[WHAT THE TASK REQUIRES]:
Only the lines below from the one with "a one hundred dollar bill folded in half" through the one with "Maison mitoyenne de" are to be written out, exactly and without any images.

[GIVEN RECORDS]:

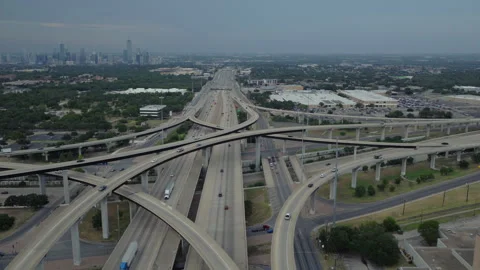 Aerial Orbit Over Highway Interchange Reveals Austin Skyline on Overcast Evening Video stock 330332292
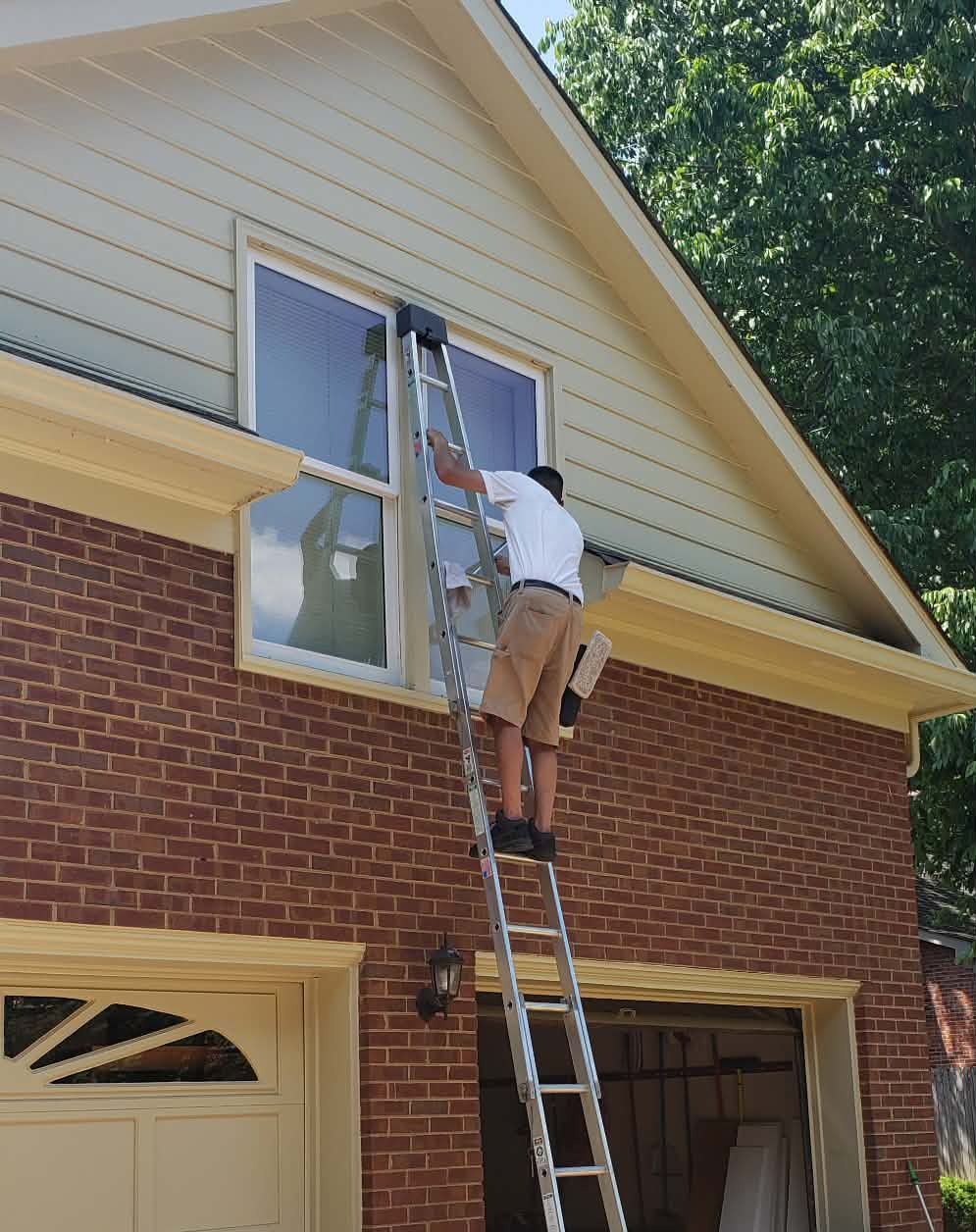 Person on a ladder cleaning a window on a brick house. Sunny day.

==

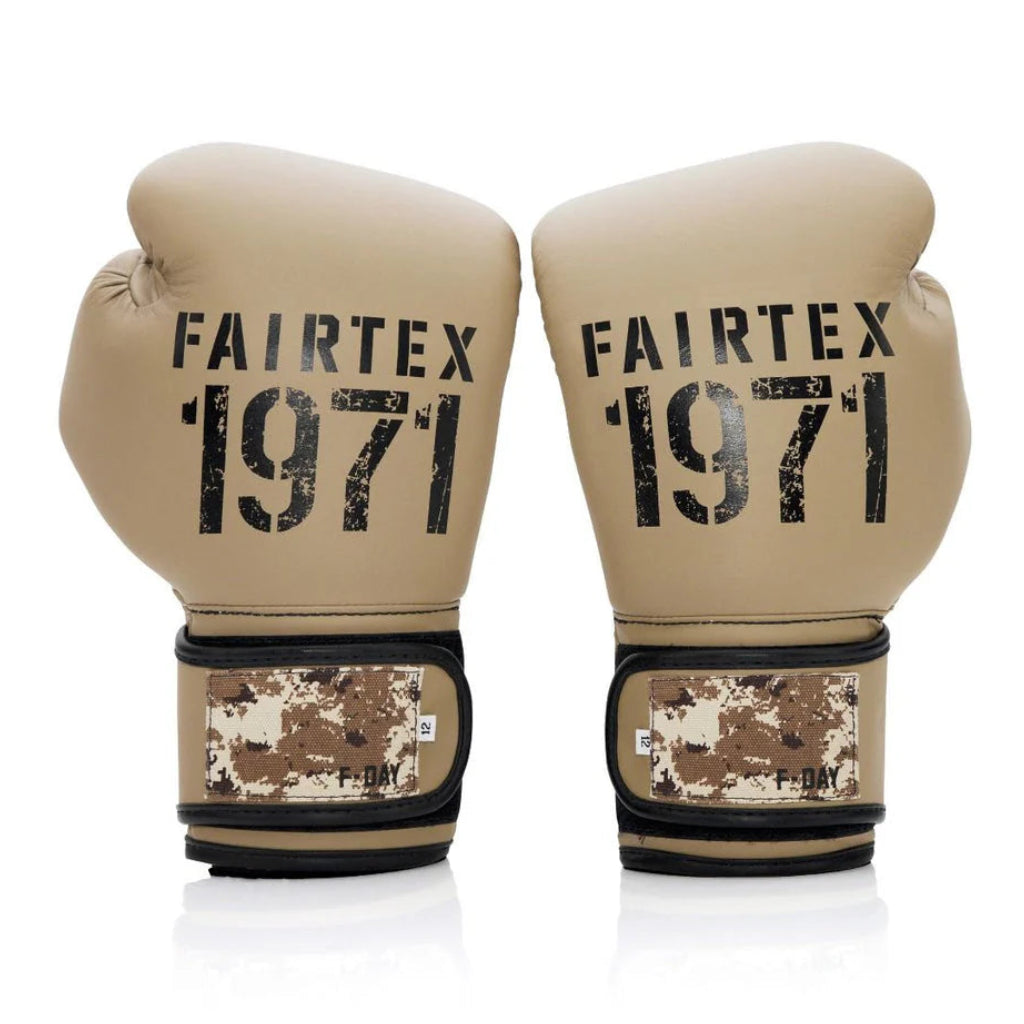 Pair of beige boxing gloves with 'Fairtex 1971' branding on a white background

* * *

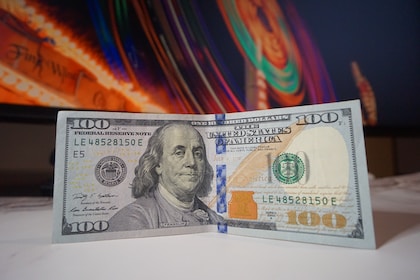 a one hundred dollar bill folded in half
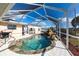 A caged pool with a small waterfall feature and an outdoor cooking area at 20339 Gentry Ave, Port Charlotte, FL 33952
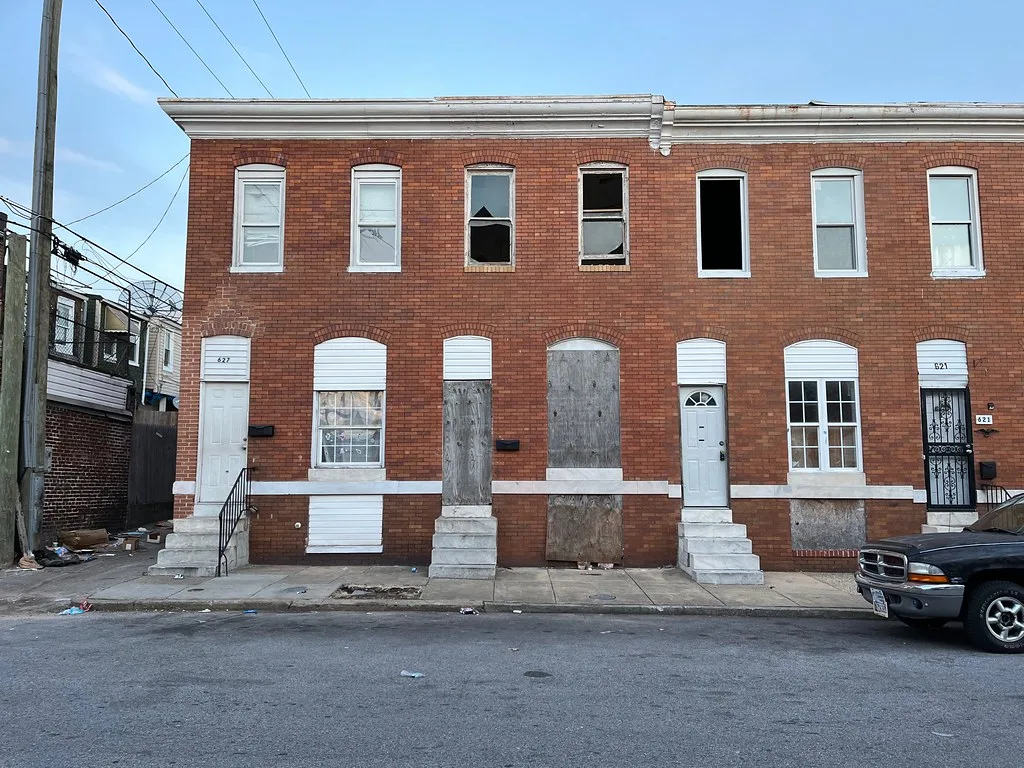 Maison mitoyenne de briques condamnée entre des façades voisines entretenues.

[SOLUTION]:
 a one hundred dollar bill folded in half
 A caged pool with a small waterfall feature and an outdoor cooking area at 20339 Gentry Ave, Port Charlotte, FL 33952
 Maison mitoyenne de briques condamnée entre des façades voisines entretenues.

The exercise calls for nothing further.